Norbert Vijgh is shy and self-conscious, wary and sensitive, perhaps over-sensitive, to everything happening around him. Norbert is a familiar type in Dutch literature: Stephan Enter belongs to the same clear, realistic tradition of writers like Vestdijk, Reve and Rosenboom.
Norbert Vijgh’s youth is unexceptional; he grows up from boy to teenager to young man in a life marked by nothing more than ripples. But still waters can run deep and dark. The real world intrudes constantly into Norbert’s safe inner world dominated as it is by reveries and fantasy. In the first chapter, Bird Language, Norbert plays ‘Indians’ in the woods near his native village and for the first time in his life meets a black man. To his excitement and surprise, they become friends. Sadly ‘Soufi-Ali’ leaves the village and the friendship ends.
This ennobling pattern recurs in every chapter, each of which is a well-plotted short story in its own right, and in each of which a game is played.

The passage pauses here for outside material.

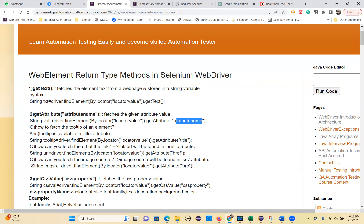Different attributes exist: we have id, name, class, value, href, src, alt, tabindex, and so on. So any attribute value you want to get for a particular element, you use the getAttribute() method.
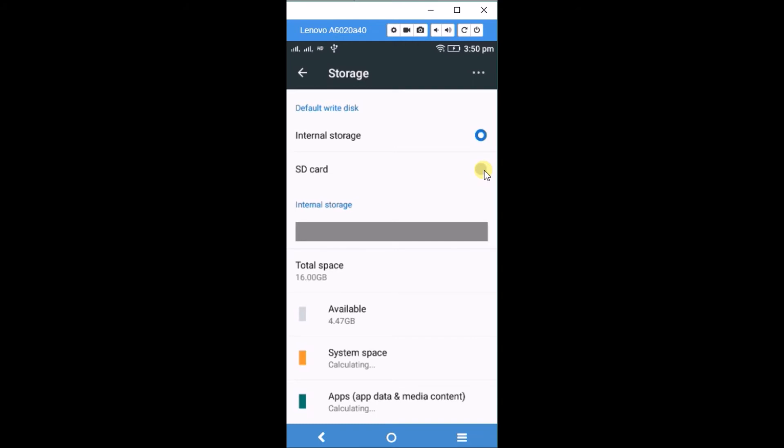This is the Lollipop version of Android. Please make sure you have an SD card in your phone. There are phones which have only internal memory; for those phones, there won't be an option like this.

In effect, Norbert is forced to play a game with the world outside; he plays in earnest but doesn’t always ‘win’. Becoming aware of adult reality often means losing the naïve or audacious boy-thoughts that he loves. ‘Perhaps this is when, now that you’re eighteen, the days of fantasy bouncing all over the place are over, transformed into a lead bullet that’ll barely roll forwards,’ Norbert thinks.
On the threshold of adulthood, addressed by figures in the stained-glass windows in church, Norbert falls from his father’s faith, falls in love and, for the first time, makes love to a girl. To his horror, he sees pimples appear on his schoolfriends’ faces, he is humiliated by a group of gangling youths and travels abroad by train for the first time – all crucial initiation rites.
In the last chapter, ‘Scrabble’, in which Norbert goes on holiday in Switzerland with his grandmother, Enter once again makes it clear what this book is about, creating maximum effect with minimal means. By painting an affectionate portrait of the frail ‘grandma’ – seemingly unexceptional material – through the eyes of her nearly grown-up, loving grandson, he impresses and moves the reader. Stephan Enter knows how to play the game, poignantly and subtly.